天界の仲間たち
目が覚めた時、俺――天宮一矢は、ふかふかのソファに寝転がっていた。目の前には信じられない光景が広がっている。天井は高く、壁には煌めくステンドグラスが埋め込まれ、足元には雲のような床。遠くには雄大な空と、幾つもの世界が浮かんでいるのが見える。
「……本当に天界なんだな、ここ」
めんどくさそうに呟く俺の前に、豪快な笑い声が響いた。
「おう、お目覚めか、新入り!」
声の主は、屈強な身体に無精髭、陽気そうな笑顔の男。俺の直属の上司になるという【ガルド】だった。
「まぁ座れ。お前のことはヴェルグ様から聞いてる。魂の質がいいからってスカウトされたんだとさ。いいじゃねぇか、第二の人生、いや天使人生の始まりだ」
「まぁ、やるしかないっすね……はぁ」
ため息をつきながらも、ガルドの隣の席に腰を下ろす。どうやらこの天界は完全に職場らしく、俺もこれから天使として色んな世界の問題解決をするらしい。
すると、ガルドがニヤッと笑いながら指を指した。
「お、こいつらも紹介しとくか。同期や先輩になる連中だ」
まず目に入ったのは、一際クールな雰囲気の青年。銀髪を後ろでまとめ、鋭い眼光を持つ彼は、腕を組み静かに立っていた。
「こいつは【レイン】。クールで寡黙な仕事人だ。ミスはしねぇし、スピードも正確さもピカイチ。ただし人付き合いは基本冷たい」
「おい」
レインが静かに眉をひそめるが、ガルドは気にしない。
「次は――おっと」
後ろから不意に声が飛んだ。
「ちょっと、新入りの教育係は私でしょ?」
声の主は、長い赤髪をポニーテールにまとめた美女。鋭い吊り目に整った顔立ち、引き締まった肢体――まさに強気美女。
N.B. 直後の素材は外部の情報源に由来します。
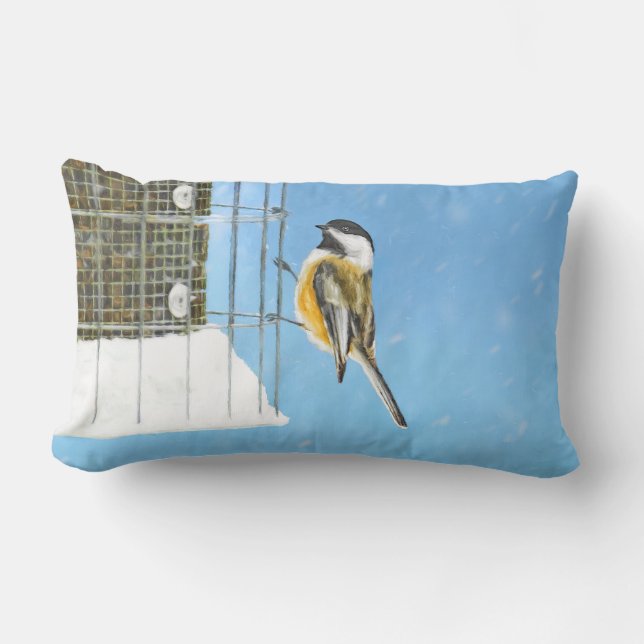 Coussin Rectangle Bickadee sur la peinture d'alimentation - Oiseaux  (Recto)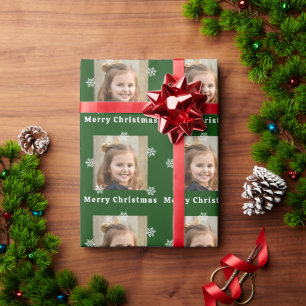Papier Cadeau Joyeux Noël enfant photo vert Noël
「【クロエ】だ。気の強い先輩で、怒るとちょー怖いけど実力は一級品。お前の最初の教育係はクロエだから、覚悟しとけよ」
クロエがキッと睨む。
「覚悟しなさいよ、カズヤ。一人前になるまでは鍛え倒すから」
「……よろしくお願いします……」
思わず言葉が小さくなった。
さらにガルドが肩をすくめながら続けた。
「んで、最後に紹介しとくのが、こいつ」
隣のソファに座っていた少女が、足を組んでこちらを見上げていた。美しい金髪に澄んだ青い瞳、幼くも可憐な容姿。だが、どこかツンとした雰囲気が漂っている。
「【リーナ】だ。見た目は若いが歴とした同僚の天使。性格はツンデレで最初はきつく当たってくるけど、実は面倒見がいいって噂だ」
「ふ、ふん。別に仲良くしようなんて思ってないわよ」
リーナがそっぽを向きながらも耳を赤く染めている。
(これは……面倒くさいタイプだな……)
そんな第一印象だった。
ガルドが両手を叩き、場の空気を締めた。
「まぁ、ざっくり言うと、お前は今日からこのメンバーの一員ってわけだ。慣れるまではクロエの下で鍛えられて、いずれは世界の案件を任される。もちろんヴェルグ様の無茶振りも覚悟しとけよ」
「あー……なんかいろいろ面倒そうだなぁ……」
思わず本音が漏れると、ガルドが大笑いし、クロエが苦笑いし、レインは目を閉じ、リーナは小さく「バカみたい」と呟いた。
こうして、俺の天使としての新しい生活が始まった。
次回からは本格的な地獄の訓練が待っているなんて、この時の俺は知る由もなかった。